Schedule Utilization: Patient-Centered Access Metric? PT 2

Industry,

Schedule Density: A Better Way to Measure Good Access

By Chris Profeta, MPH

Last week, we determined that good patient access must incorporate the ease of delivering it – a frictionless process, from the patient’s perspective. We also delved into schedule utilization, which may fall short as a value-added metric unless template integrity exists.

Once the hard work of defining clinical expectations, building the schedules, and securing them has been solidified, it then becomes possible to add features to schedule utilization to transform it from an operational metric to one that incorporates the patients’ experience. Combined, these measures offer valuable insight into patient access.

Schedule utilization as a static metric doesn’t provide insight about the patients’ experience in their journey – the key is to add a dynamic component. When the slots are filled is more critical than if the slots were filled. From the patient’s perspective, it matters not if Dr. Smith fills 100% or 50% of their schedule. The key is whether the patient was given the right care, at the right time, with the right provider, at the right place – in the right way. If a provider fills their schedule 100% and regularly needs to schedule three-month follow-ups, but is booked six months out, then the system is providing bad patient access by anyone’s definition – the health system and the patient.

To increase the value of the metric, add a time-based element by creating a sister “schedule density” metric that is reported in conjunction with the overall utilization. The schedule density score will capture the percentage of the schedule that is filled based on a forward-looking timeline. This can be particularly useful for measuring the success of follow-up windows or urgent appointment availability. Schedule density scores are similar to the new patient appointment lag inside a certain window (usually 14 days), but instead of measuring how many patients are scheduled in that time period, the density score measures the proportion of the schedule that was filled within that window. This metric can be designed for any patient population, new or established, making it more flexible and customizable to the practice needs. For example:

  • The Transplant team knows that their patient panel consists of 60% greater than 1-yearpost transplant patients (long-term) and 40% less than 1-year post transplant patients (short-term). The long-term patients are seen annually, and the short-term patients areseen every three months unless complications arise.
  • Based on historical data, the Transplant team estimates 10% of the schedule needs to be open for the next 10-day appointments to manage short-term patients with complications.This 10%-next-10-day access will be the Transplant team’s Schedule Density target. The calculation in this example would simply be the percentage of the scheduled appointments that were booked within 10 days of the visit.
  • The Transplant team’s Schedule Utilization and Density score might be reported as such:


    In this example, the data suggests that the Transplant program is providing good patient access. Even though more patients (12% inside 10 days) required complication visits than predicted, the Transplant team was able to accommodate the patients based on the 97% schedule utilization (if needed, the team could have converted more slots to urgent based on the less than 100% utilization). However, if this trend continues, then rebalancing the schedule might be necessary.

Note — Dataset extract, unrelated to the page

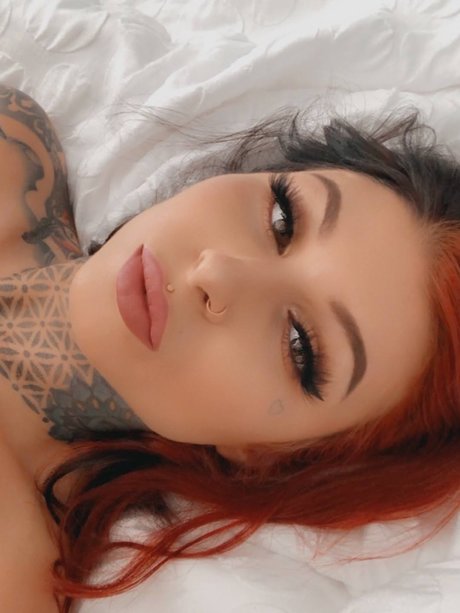 Foto di nudo di fuga di OnlyFans di Cali Harper
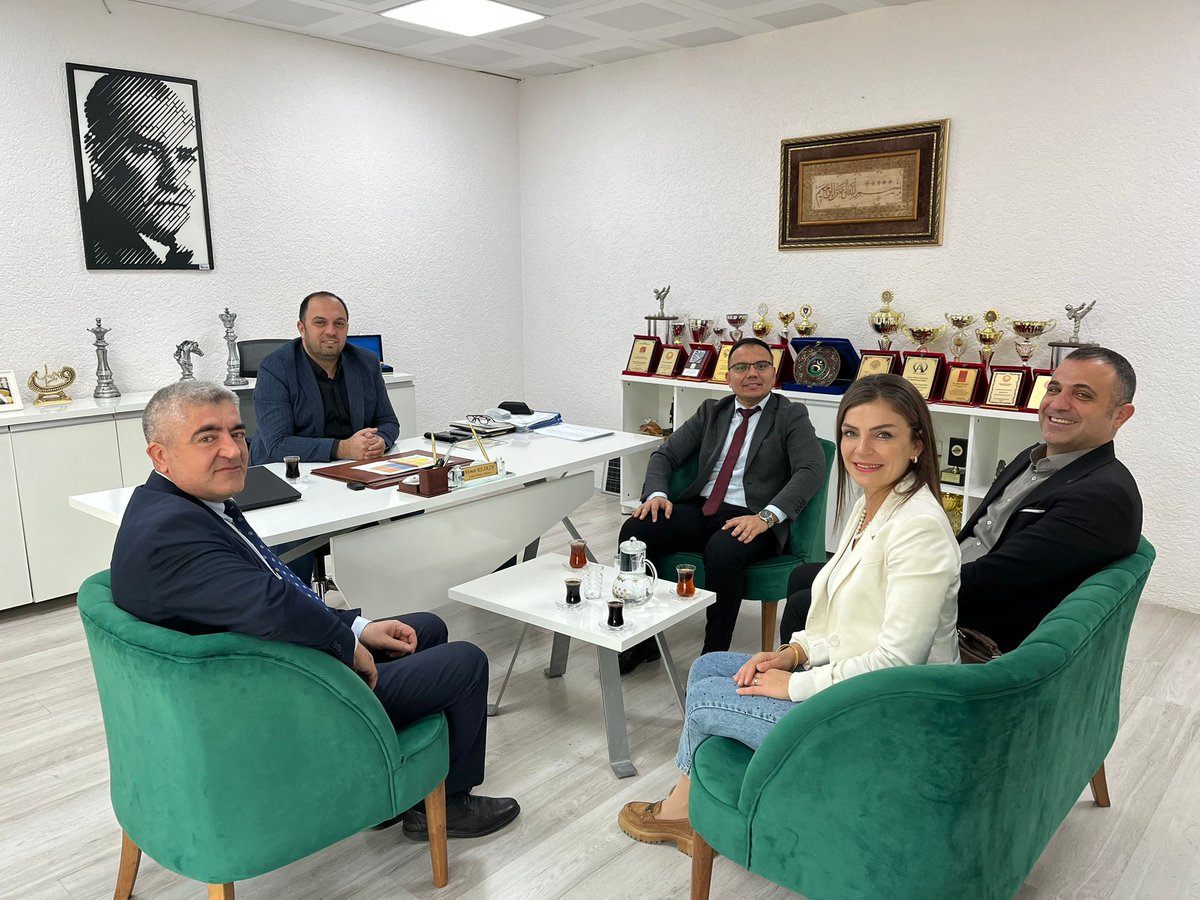 Bakanlığımız ile Gençlik ve Spor Bakanlığı arasında imzalanan işbirliği protokolü  kapsamında denetimli serbestlik tedbiri altında bulunan suça sürüklenen çocuklara yönelik yapılacak olan faaliyetlere ilişkin İskenderun İlçe Gençlik Merkezi Müdürlüğüne ziyaret gerçekleştirildi.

Schedule density targets such as this example require individualized goals – each specialty will have a different need for appointments at different intervals. The target window and percentage for an orthopedics practice might be different than a neurology practice, for example.

In the example above, schedule utilization, when paired with schedule density measurement, informs the system on the right time portion of the good access definition.

There are many ways to add a time-based component to schedule utilization. Many systems already report appointment lag, for example. Combining a dynamic element to measure how the schedule fills increases the educational value of the metric and gives the health system a better chance of improving patient access.